ECLI:NL:RBDHA:2023:19032
Rechtbank Den Haag
- Voorlopige voorziening
- J. Boerlage - van den Bosch
- Rechtspraak.nl
Afwijzing verzoek voorlopige voorziening asielaanvraag en proceskostenveroordeling
In deze zaak heeft de voorzieningenrechter van de Rechtbank Den Haag op 18 april 2023 uitspraak gedaan in het kader van een verzoek om een voorlopige voorziening. Verzoeker, van Mauritaanse nationaliteit, had een aanvraag ingediend voor een verblijfsvergunning asiel voor bepaalde tijd, welke door de staatssecretaris van Justitie en Veiligheid op 7 februari 2023 niet-ontvankelijk was verklaard. Dit besluit was genomen op grond van artikel 30a, eerste lid, aanhef en onder d, van de Vreemdelingenwet 2000. Verzoeker heeft hiertegen beroep ingesteld en verzocht om een voorlopige voorziening.

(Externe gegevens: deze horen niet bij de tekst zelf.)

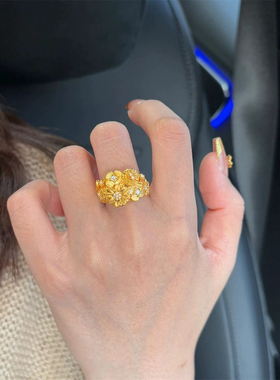 金包银繁花似锦戒指女2025新款轻奢超仙精致气质时尚高颜值指环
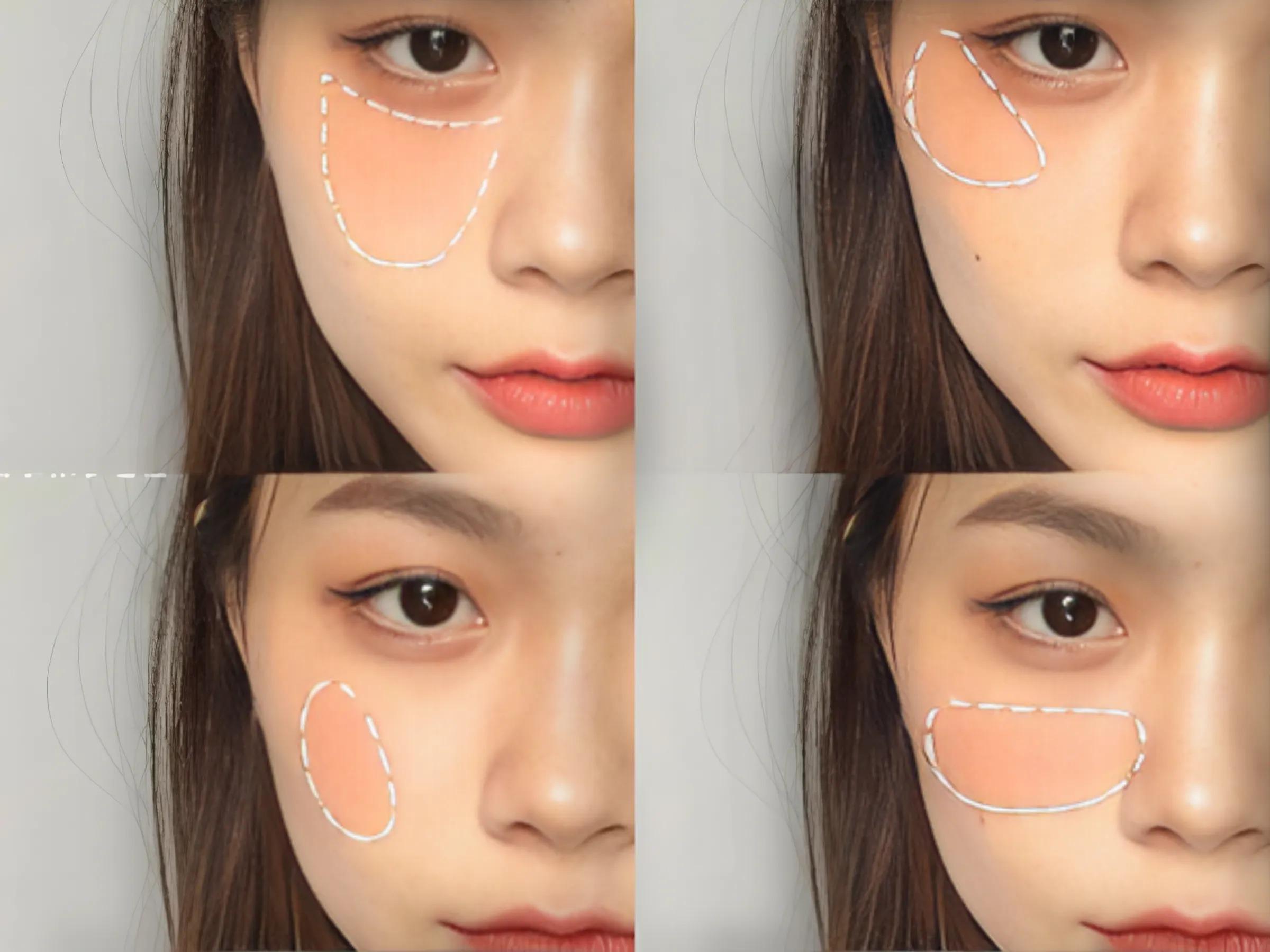Phối màu má hồng với layout makeup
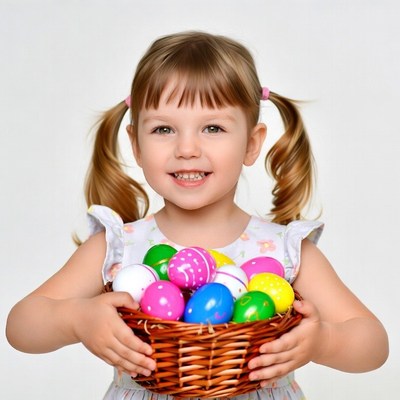 Girl holding Easter eggs basket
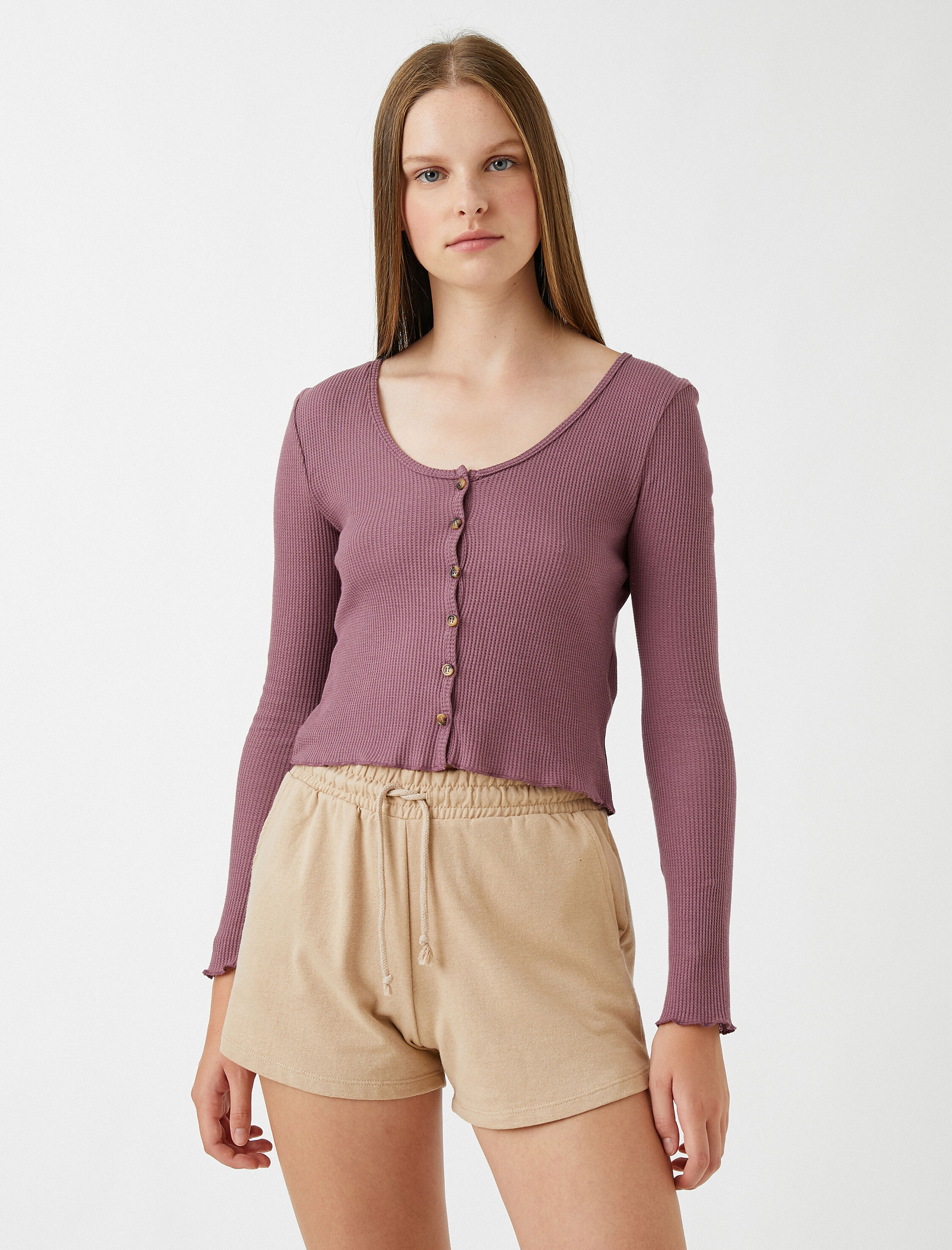   Slim Fit Waffle Hırka Pamuklu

De zitting vond plaats op 10 maart 2023, waarbij de voorzieningenrechter het verzoek heeft behandeld. De voorzieningenrechter heeft het verzoek om een voorlopige voorziening afgewezen, omdat de rechtbank op dezelfde dag uitspraak heeft gedaan in de bodemzaak (zaaknummer NL23.4688), waardoor een voorlopige voorziening niet meer nodig was. De voorzieningenrechter heeft de staatssecretaris wel veroordeeld in de proceskosten van verzoeker, die zijn vastgesteld op € 1.674,-. Deze kosten zijn berekend op basis van het Besluit proceskosten bestuursrecht, waarbij rekening is gehouden met de punten voor het indienen van het verzoekschrift en het bijwonen van de zitting.
De uitspraak is gedaan door mr. J. Boerlage - van den Bosch, in aanwezigheid van mr. F. Aissa, griffier. De uitspraak is openbaar gemaakt door middel van geanonimiseerde publicatie op rechtspraak.nl. Tegen deze uitspraak staat geen hoger beroep of verzet open.